● **Task details**
Give back only the line containing "Shaw Inn By" and every line after it through the end of the data below, transcribed exactly.

● **Data for review**
-------------------------
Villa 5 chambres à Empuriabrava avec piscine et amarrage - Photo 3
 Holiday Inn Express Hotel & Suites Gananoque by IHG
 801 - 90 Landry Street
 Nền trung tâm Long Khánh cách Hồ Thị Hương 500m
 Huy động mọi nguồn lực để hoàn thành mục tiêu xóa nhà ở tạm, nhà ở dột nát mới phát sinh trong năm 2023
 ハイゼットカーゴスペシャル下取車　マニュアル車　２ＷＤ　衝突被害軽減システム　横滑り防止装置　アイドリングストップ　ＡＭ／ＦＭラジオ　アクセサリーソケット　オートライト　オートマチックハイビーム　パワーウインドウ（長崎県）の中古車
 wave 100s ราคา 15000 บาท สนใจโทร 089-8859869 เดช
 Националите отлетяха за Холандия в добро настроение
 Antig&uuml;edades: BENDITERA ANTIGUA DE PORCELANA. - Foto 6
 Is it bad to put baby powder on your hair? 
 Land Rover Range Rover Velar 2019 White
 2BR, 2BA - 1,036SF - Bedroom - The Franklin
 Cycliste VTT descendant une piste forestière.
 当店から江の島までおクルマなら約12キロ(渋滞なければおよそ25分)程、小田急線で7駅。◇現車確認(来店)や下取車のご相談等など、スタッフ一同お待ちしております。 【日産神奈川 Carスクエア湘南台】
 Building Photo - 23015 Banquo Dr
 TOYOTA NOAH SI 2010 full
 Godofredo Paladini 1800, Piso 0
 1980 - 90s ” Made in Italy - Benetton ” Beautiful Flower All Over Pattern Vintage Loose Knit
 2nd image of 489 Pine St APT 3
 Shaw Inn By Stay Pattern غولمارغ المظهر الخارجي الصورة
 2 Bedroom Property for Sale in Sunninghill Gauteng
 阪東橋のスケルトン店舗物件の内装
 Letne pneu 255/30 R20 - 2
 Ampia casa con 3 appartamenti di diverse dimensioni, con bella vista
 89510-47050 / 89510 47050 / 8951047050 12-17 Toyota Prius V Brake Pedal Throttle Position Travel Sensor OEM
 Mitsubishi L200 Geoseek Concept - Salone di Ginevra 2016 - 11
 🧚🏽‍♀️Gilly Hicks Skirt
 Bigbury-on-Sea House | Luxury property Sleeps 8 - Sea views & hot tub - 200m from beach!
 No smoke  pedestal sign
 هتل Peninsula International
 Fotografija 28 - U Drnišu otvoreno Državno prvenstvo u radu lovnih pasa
-------------------------
● **Answer to this problem**
 Shaw Inn By Stay Pattern غولمارغ المظهر الخارجي الصورة
 2 Bedroom Property for Sale in Sunninghill Gauteng
 阪東橋のスケルトン店舗物件の内装
 Letne pneu 255/30 R20 - 2
 Ampia casa con 3 appartamenti di diverse dimensioni, con bella vista
 89510-47050 / 89510 47050 / 8951047050 12-17 Toyota Prius V Brake Pedal Throttle Position Travel Sensor OEM
 Mitsubishi L200 Geoseek Concept - Salone di Ginevra 2016 - 11
 🧚🏽‍♀️Gilly Hicks Skirt
 Bigbury-on-Sea House | Luxury property Sleeps 8 - Sea views & hot tub - 200m from beach!
 No smoke  pedestal sign
 هتل Peninsula International
 Fotografija 28 - U Drnišu otvoreno Državno prvenstvo u radu lovnih pasa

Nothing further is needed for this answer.